A new developer on the project changed the symbolic name of one fixture record and broke a whole bunch of tests in unexpected ways. Pairing, we discovered a some interesting stuff.

First, if you’ve never dug into them, it’s critical to understand how symbollically named fixtures work. We rely on them heavily, but only yesterday read the code. If you have a fixture like:

bill:

  full_name: ...

And another fixture:

socks:

  owner: bill

Rails magically inserts bill’s ID into socks’ record. (Before this feature, developers had to manually manage their IDs and keeping fixtures working well was less fun.)

Nifty. I assumed (incorrectly), that there was some sort of lookup of records involved. So if I change the name of the “bill” fixture to something else– let’s say “william”, I expect Rails to complain. It doesn’t. There’s no data integrity to the fixture system– at all.

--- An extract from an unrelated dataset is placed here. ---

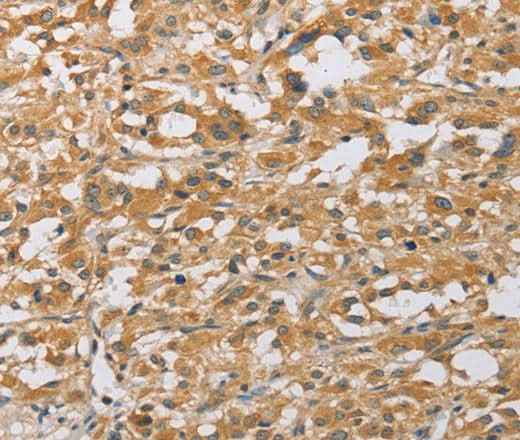 Anti-Human/Mouse/Rat ARHGEF1 Antibody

We traced though the code and now understand why: When Rails comes across the symbol “bill”, it creates an integer hash of it and sticks it into the id column. It’ll be a big number like 39384022 or something. Well, if you change the name to “william”, it generates a different hash. That’s it. At no time does it go back to verify that such a hash exists. It’s really just a nice name for a number! Unless your database has constraints that enforce this (which will make loading fixtures more difficult and generally isn’t done), you won’t see a problem until a test fails.

Once we discovered that, we asked, “wouldn’t be nice if there was a test that checked the integrity of the fixtures?” With a little work, we had just such a test, which relies on the validation system:

 describe "fixture integrity" do

  ActiveRecord::Base.send(:subclasses).each do |cls|

    it "each fixture for class #{cls} should be valid" do

      cls.find_each do |record|

        record.valid?.should(equal(true),"Invalid fixture for #{cls}:\n  #{record.errors.full_messages.join("\n")}\n#{record.inspect}")  
      end

    end

  end

end

Unfortunately that passed until we added a the appropriate validator

class Child < ActiveRecord::Base

  validates_presence_of :parent
  ...

(Make sure you validate “parent”, not “parent_id”. “parent_id” will be set– it just won’t point to anything.)

That’s it. A simple test and you won’t risk your fixtures floating too far from the data structure you expect. Thanks to Lowell Kirsh and Jonah for pairing on this.